Stuffed Tellarite trotter

***Red alert! This post discusses, and has a photo of, stuffed pig’s trotter. If you don’t want to read about this, I suggest reversing your engines, changing course and coming back next week!***

I’ll admit I may be going into taboo territory here. Eating a Star Trek species??! While I don’t think they’re universally loved, the Tellarites certainly have their place in the Star Trek universe.
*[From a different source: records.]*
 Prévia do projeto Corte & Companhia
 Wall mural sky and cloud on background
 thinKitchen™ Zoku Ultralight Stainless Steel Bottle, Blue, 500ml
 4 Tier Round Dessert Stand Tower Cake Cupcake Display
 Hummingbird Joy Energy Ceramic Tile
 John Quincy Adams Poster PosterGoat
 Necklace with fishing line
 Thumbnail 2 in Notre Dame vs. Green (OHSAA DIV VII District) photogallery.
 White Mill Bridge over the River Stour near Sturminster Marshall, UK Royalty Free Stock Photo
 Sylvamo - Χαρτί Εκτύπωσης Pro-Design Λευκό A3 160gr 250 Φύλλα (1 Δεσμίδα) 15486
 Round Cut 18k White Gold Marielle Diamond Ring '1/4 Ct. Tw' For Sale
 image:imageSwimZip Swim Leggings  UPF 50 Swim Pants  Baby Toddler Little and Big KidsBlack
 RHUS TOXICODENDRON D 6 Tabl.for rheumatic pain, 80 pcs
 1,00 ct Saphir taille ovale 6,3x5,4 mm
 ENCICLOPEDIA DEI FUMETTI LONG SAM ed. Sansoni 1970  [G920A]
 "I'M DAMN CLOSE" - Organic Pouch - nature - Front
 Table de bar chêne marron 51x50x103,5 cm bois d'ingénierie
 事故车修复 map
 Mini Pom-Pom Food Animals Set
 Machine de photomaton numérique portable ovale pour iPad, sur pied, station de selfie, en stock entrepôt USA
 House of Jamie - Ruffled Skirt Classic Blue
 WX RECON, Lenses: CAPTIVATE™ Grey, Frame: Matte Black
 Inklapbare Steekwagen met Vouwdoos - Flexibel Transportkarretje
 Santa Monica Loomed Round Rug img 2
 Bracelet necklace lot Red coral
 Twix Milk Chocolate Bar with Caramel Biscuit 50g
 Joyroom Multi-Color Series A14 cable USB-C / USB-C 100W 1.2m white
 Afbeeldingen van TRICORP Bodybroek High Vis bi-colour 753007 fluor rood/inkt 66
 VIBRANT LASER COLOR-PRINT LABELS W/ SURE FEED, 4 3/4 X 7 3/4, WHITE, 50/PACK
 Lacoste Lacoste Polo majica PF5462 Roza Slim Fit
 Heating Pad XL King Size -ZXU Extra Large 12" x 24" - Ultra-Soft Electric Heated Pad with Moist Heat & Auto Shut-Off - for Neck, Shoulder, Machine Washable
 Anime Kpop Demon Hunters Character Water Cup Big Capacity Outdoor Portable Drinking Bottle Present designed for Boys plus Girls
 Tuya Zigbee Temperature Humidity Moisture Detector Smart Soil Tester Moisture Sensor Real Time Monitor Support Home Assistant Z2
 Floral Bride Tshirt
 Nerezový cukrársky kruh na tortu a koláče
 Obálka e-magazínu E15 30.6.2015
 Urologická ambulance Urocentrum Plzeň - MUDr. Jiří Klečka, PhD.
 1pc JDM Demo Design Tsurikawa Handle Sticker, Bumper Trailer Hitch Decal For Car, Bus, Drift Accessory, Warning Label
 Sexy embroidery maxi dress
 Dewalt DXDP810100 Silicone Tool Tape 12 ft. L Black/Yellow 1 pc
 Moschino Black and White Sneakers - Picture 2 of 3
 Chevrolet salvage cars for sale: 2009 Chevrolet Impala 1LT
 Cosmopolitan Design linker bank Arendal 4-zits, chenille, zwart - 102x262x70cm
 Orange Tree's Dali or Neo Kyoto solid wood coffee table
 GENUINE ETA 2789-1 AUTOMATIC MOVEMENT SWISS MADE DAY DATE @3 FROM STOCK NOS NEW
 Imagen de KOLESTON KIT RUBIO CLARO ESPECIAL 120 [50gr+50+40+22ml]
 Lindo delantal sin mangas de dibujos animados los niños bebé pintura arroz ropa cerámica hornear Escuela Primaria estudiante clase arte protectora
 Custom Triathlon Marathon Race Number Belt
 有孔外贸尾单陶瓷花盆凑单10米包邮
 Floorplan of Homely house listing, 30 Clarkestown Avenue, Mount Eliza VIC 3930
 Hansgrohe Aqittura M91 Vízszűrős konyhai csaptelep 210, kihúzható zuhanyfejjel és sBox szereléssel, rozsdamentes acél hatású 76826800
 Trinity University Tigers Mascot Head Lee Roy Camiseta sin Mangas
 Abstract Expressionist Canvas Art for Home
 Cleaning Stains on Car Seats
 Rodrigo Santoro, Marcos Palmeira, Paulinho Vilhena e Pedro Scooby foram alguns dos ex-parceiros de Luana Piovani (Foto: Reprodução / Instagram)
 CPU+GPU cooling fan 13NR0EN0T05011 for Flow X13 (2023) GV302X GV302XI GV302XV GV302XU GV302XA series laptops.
This idea was of course inspired by the Tellarites having somewhat of a resemblance to pigs, and my thought that this meant they probably had cloven feet or hooves of some sort.  

This recipe has a lot of steps, but as long as you are comfortable working with trotters, it is not difficult to put together, with the end result being well worth the effort.

Replicate your own
(Serves 2)

You will need to start at least 1 day before you want to serve these.

4 pig’s trotters
300g goat meat, minced (you can substitute lamb mince if you don’t have goat)
1 onion, diced fine
1 apple, diced fine
1 teaspoon ground cumin
1 teaspoon white pepper
5g salt
4 juniper berries, crushed
2 or 3 sage leaves
10ml ice water
Butter, for cooking the onions in
100g breadcrumbs

You will also need some cooking twine and some muslin or cheesecloth fabric.

Start by deboning the pig’s trotters (or get your butcher to do it for you). You want to keep the skin as intact as possible. With a sharp knife, start to separate the skin from the meat and bone, pulling it taught as you go to make the cuts easier. Work your way up the trotter until you reach the first knuckle joint. Bend the joint so you can see where it separates, and cut between the joint, following it around the trotter. Twist the pieces in opposite directions and you should have a nicely boned trotter! This video shows the whole process very well.

Put your trotters to one side and gently cook your onion in some butter, until they are soft and start to brown, about 10 minutes. Add the apples and cook for another 2-3 minutes, just until they soften slightly. Spread the mixture out over a plate and put in the freezer so it cools down.

If you did not buy your goat (or lamb) meat minced, now is a good time to mince it. Taking care to keep everything cold, add the cumin, pepper, salt and juniper berries and mix well. Refrigerate until the onion/apple mixture is cool enough to add (not frozen, but cooler than room temperature).

When everything is cool enough to be mixed together, add the sage leaves and the apple/onion mixture to the meat, and grind everything again through the mincer. Add the ice water and mix for 1-2 minutes, until everything is well combined and sticky.

Place 2-3 tablespoons of the mixture into each trotter, packing it in well but not so much that the trotter loses its shape. The exact amount of mixture will depend on the size of your trotters.

Place each trotter on a square of muslin fabric. Roll the trotter tightly in the fabric, and tie 2-3 pieces of twine around the fabric to secure it. Rolling it in the fabric helps it keep its shape when cooking.

Place your wrapped up trotters in a pot and cover with water. Bring to the boil and then reduce the heat and simmer on a low temperature with the lid on for 2 1/2 hours. Cool to room temperature and then refrigerate (still in the cooking liquid) overnight.

The next day, remove the string and muslin. Remove as much of the cooking stock (which will have turned to jelly by now) from each trotter as you can.

Roll each trotter in the breadcrumbs until they are well coated. Place under the grill (broiler - top down heat) and grill until the breadcrumbs are uniformly golden brown, turning the trotters as needed. This should take abut 20 minutes. Alternatively, you can fry the trotters in butter or oil to get them brown and crispy.

To serve, gently cut rounds of the trotter with a slightly serrated knife. You do need to be gentle so that the stuffing stays inside the skin. Serve with a salad with lots of vinegar and parsley, or with lentils.